The infrastructure project will have six lanes, which will include a two-lane underpass and two service roads on both sides with two lanes each.

Since the road will have six lanes, several structures, mostly commercial buildings will be affected by the project.

According to project manager Engr. Roy dela Cruz of the Department of Public Works and Highways 7, civil works for the project is expected to last for 18 months and will be implemented in stages. Phase 2 alone is expected to run in the next three to four months.

Upon learning this, Ruby said she never thought that the strategic location she chose a decade ago to start her station could strain her business in the next couple of years.

“If this is how it’s going to be in the coming months, imagine how it’s going to be once the underpass is finished. This is just the first day, and we’re already losing thousands of revenue. We’re going to have so much difficulty in keeping up with the salaries of my workers and the rent,” she told SunStar Cebu.

Ruby admitted fearing having to resort to closing her business since the underpass would mean no parking space for her delivery trucks and customers.

Room to park

The same fear haunts Rolando Arao, a salesman for an auto parts shop along the southbound lane of the affected area.

Once Phase 2 is finished by the end of the year, civil works for the next stage, which will be on the southbound lane, will start in the first quarter of 2018.

The shop, which was built some 20 years ago, has become a household name for some car owners in the city, but its operations may be disrupted once the underpass project is finished.

“Since there will be no more parking space, our customers will obviously go to a more convenient shop. I just hope our shop can adjust to that,” Arao said in Cebuano.

Arao and his eight other minimum wage earner colleagues, though, remain positive that their patrons will not abandon them and that the underpass could resolve traffic in the area.

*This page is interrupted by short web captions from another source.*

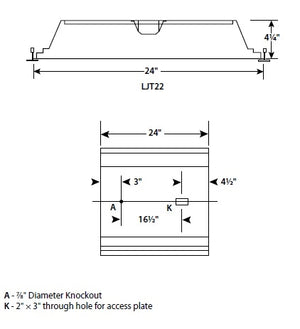 Columbia Lighting LJT22-40HLG-FSA12-EDU 43W 2'x2' LED Troffer with Advanced Solid State Technology, 4000K, High Lumen, Grid Ceiling, White Flush Steel Door, Pattern 12 Acrylic Lens Shielding, 0-10V Dimming, 120-277V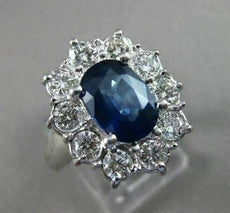 ANTIQUE LARGE 3.57CT DIAMOND & AAA SAPPHIRE 18KT WHITE GOLD OVAL CLUSTER RING
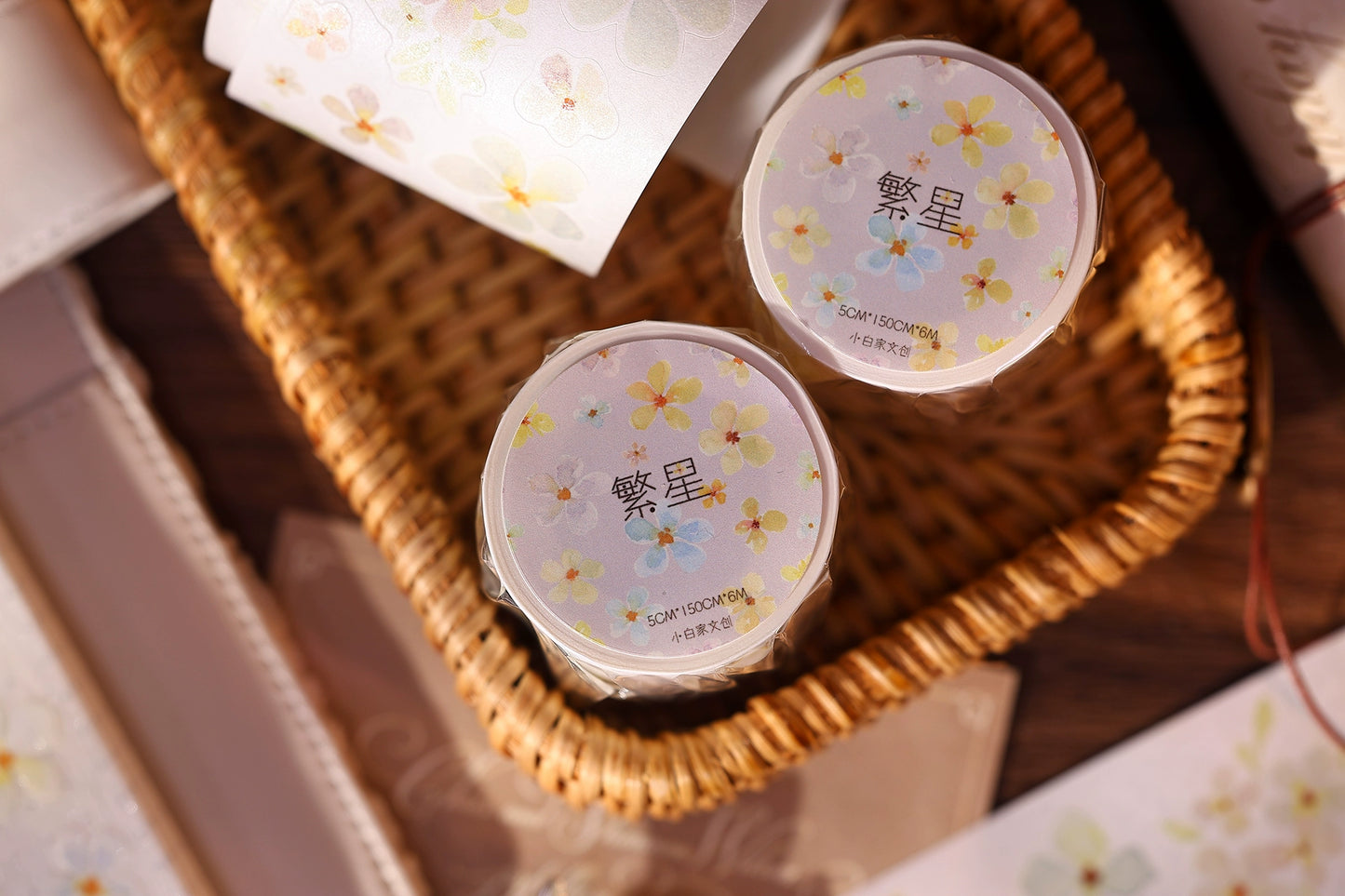 XiaoBaiJia Minimalist Style【Stars】Light Retro Orginal Design Washi Pet Tape Landscape Stickers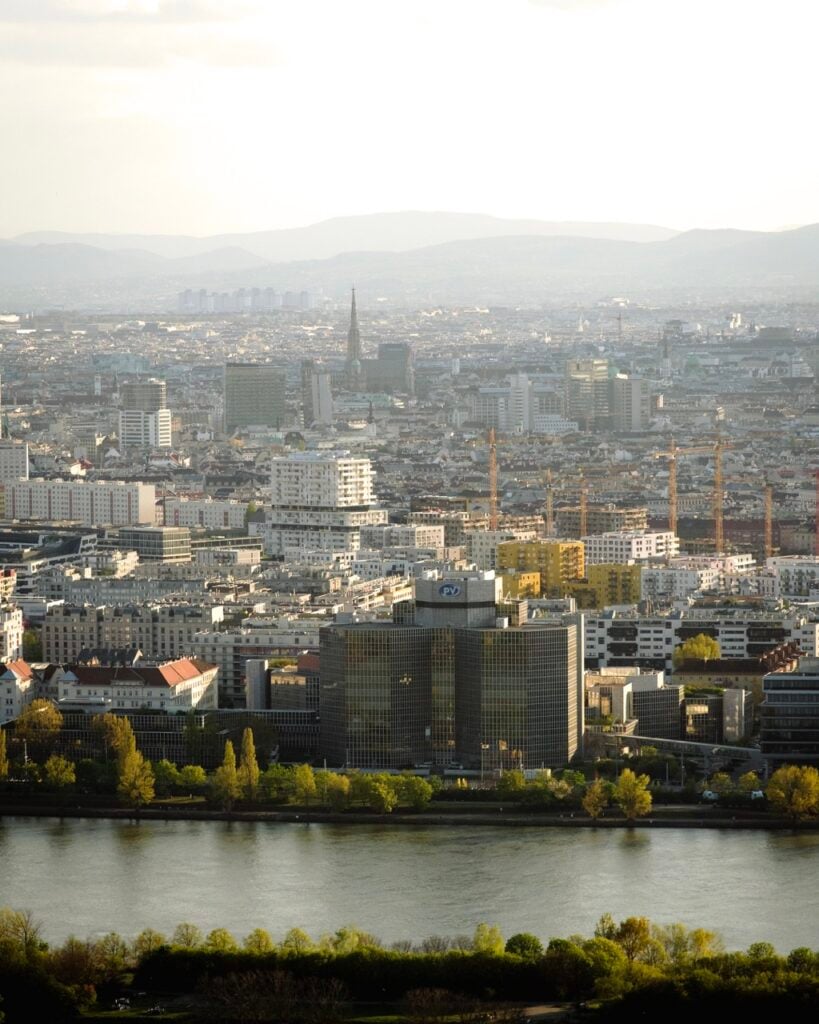 Photo showing the Vienna skyline with St. Stephen's Cathedral a key figure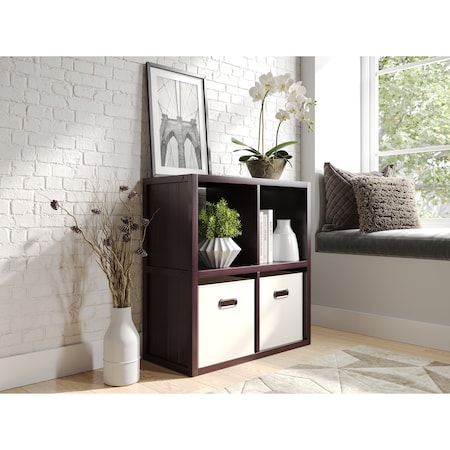 John Louis Home Solid Wood 4 Cube Organizer Espresso JLH-4C-E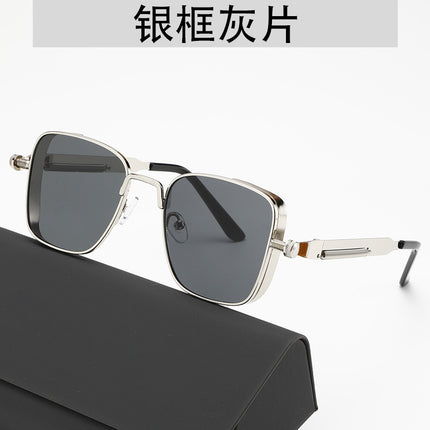Cross-Border Popular Steampunk Sunglasses Metal Versatile Fashion Trend Hip-Hop Spring Leg Sunglasses Manufacturer Wholesale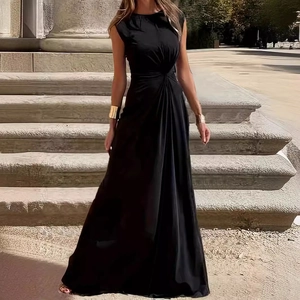 Women Elegant Round Neck Sleeveless Maxi Dress Twist Knot Waist Spliced Casual Party Evening Long Dress Polyester Clothing
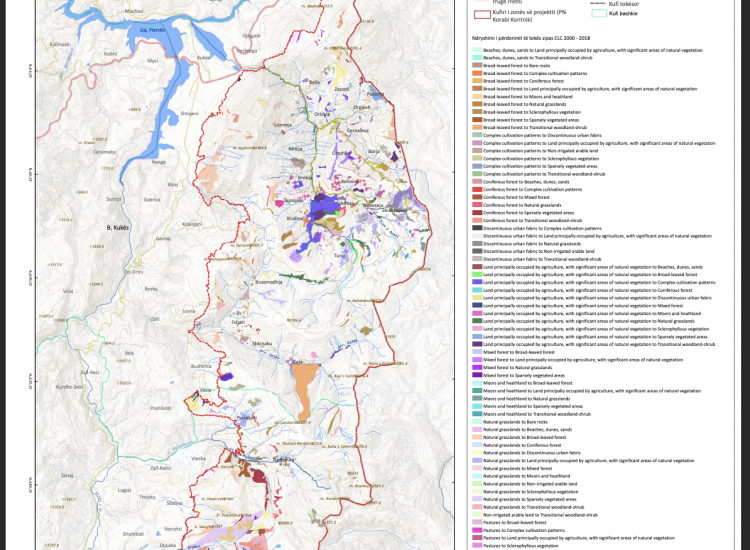 Map of the land use changes 2000 - 2008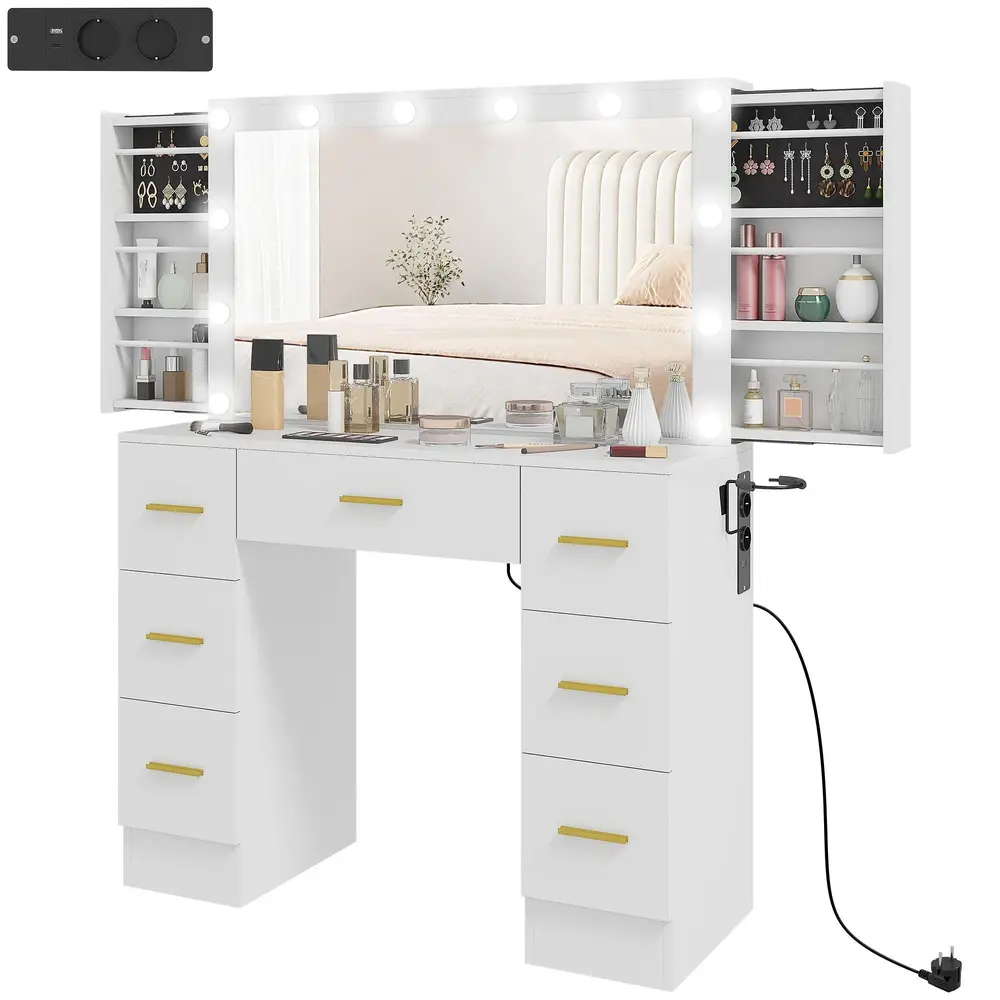 Sminkbord med Spegel 12 LED-Lampor 7 Lådor 6 Dolda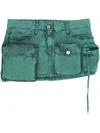 Attico Fay Mini Cargo Denim Skirt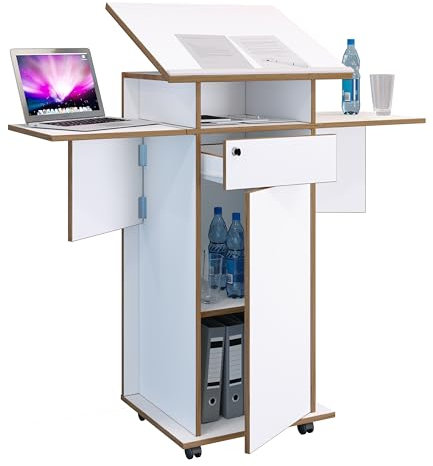 VCM Holz mobiles Rednerpult/Maße ca. H. 107 bis 128 cm x B. 60 bis 123 cm x T. 44 cm/rollbar mit Schublade/Stehpult/Stehtisch mit Tür - Salia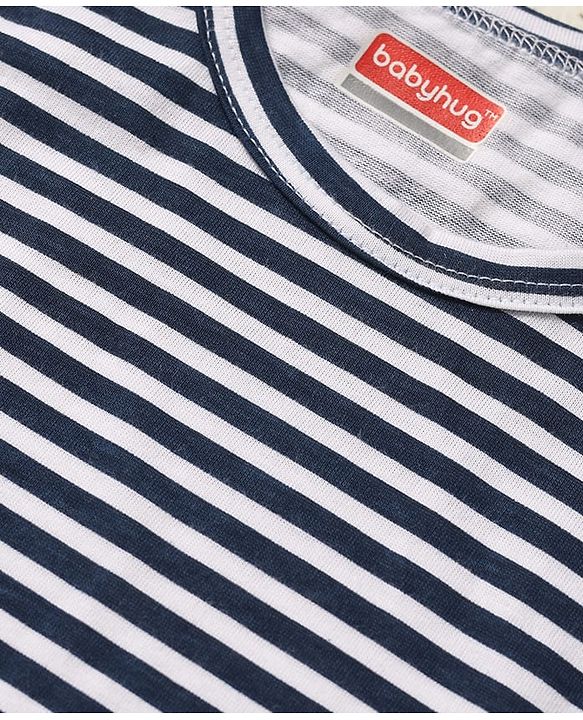 Babyhug 100% Cotton Single Jersey Knit Sleeveless Sando With Stripes - Navy Blue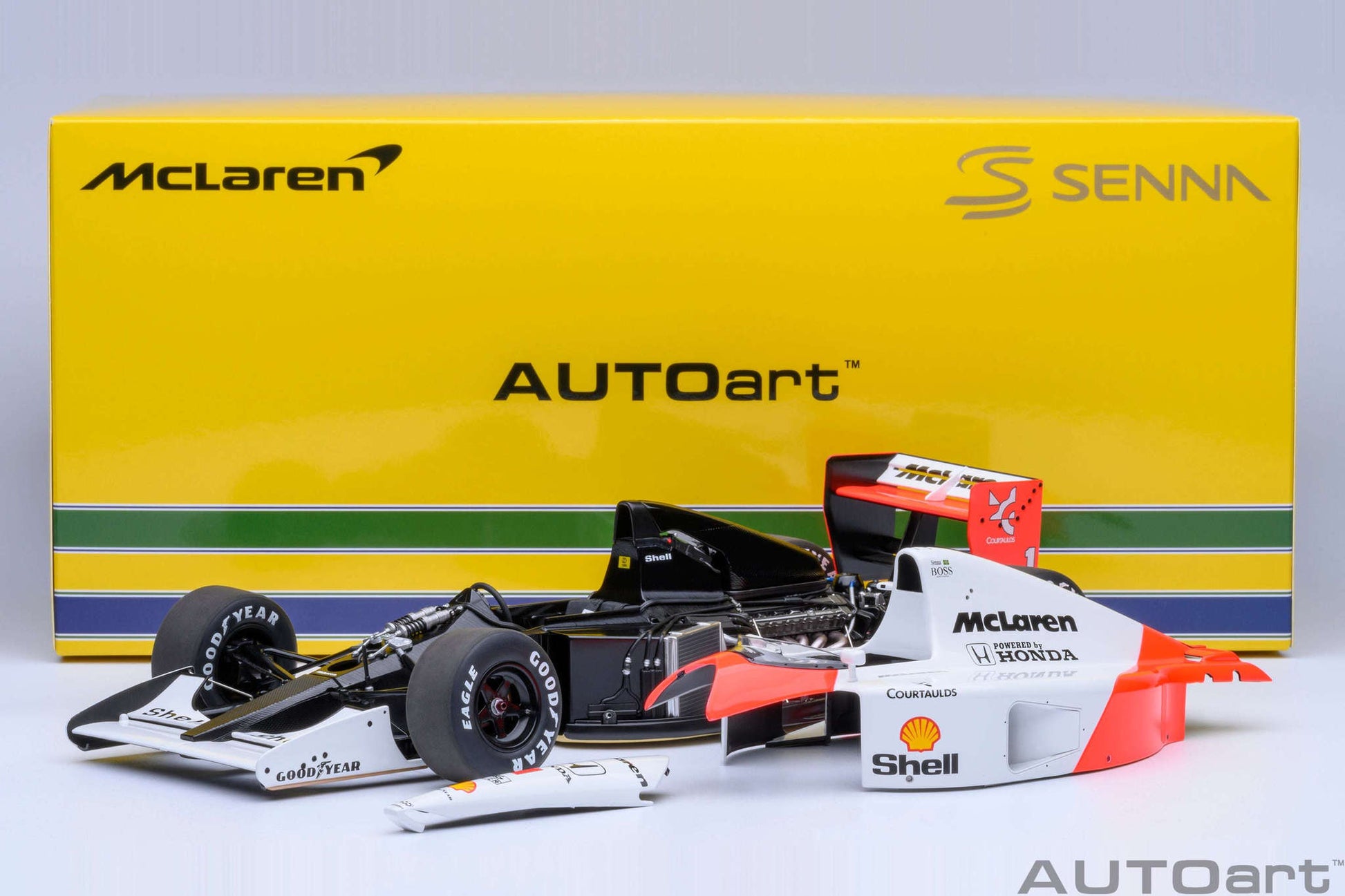 AUTOart Mclaren (w/ Logo) Honda MP4/6 No 1 Japanese GP 1991 Senna 1:18 STM Diecast Default Title Default Title-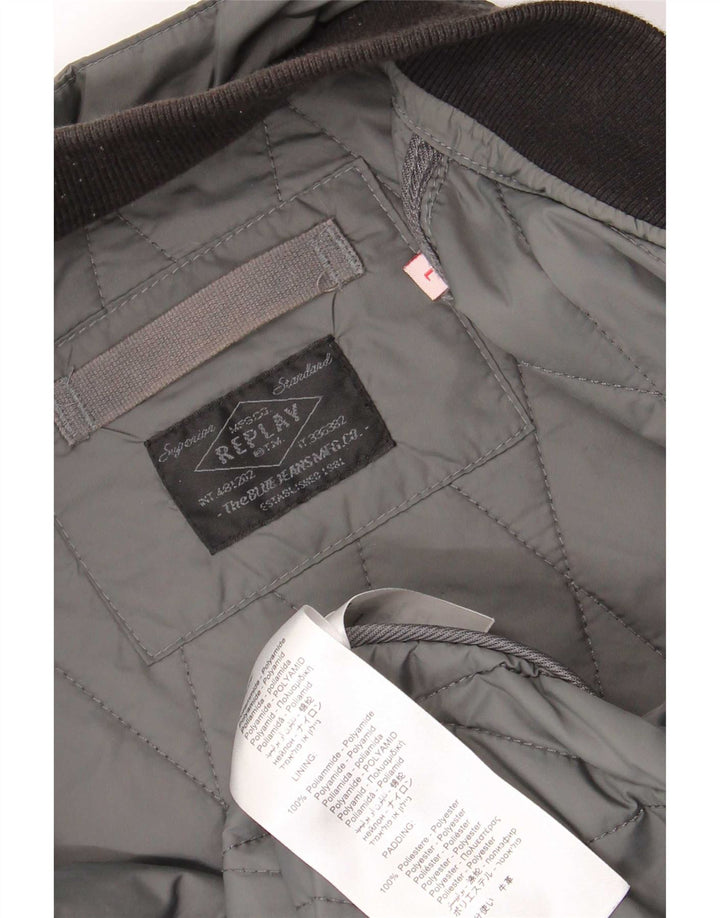 Ανδρικό καπιτονέ μπουφάν Replay UK 40 Large Grey Colourblock Polyamide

But for 18-year-old Kim Diamante, who may not have a business to operate in the area, the underpass is more of an inconvenience rather than a mitigating measure.

A second year college student in a university in the city proper, Diamante said that because of the heavy traffic the construction is causing, especially during the morning rush, she now has to wake up two hours earlier to make sure she reaches school before her 7 a.m. class starts.

She lamented she could have spent the extra two hours for more sleep, since she stays up until past midnight to study.

“I don’t think the underpass is really necessary because although congestion may be experienced sometimes in the area, it’s not really up to the point where it’s bumper-to-bumper,” Diamante said.

Diamante, however, clarified that she is giving the project the benefit of the doubt. “I could be doubtful now, but then again, all developments need adjustment. Maybe all we could see is the sudden change in our daily activities, but we might just be surprised with how we could benefit from the underpass in the future.”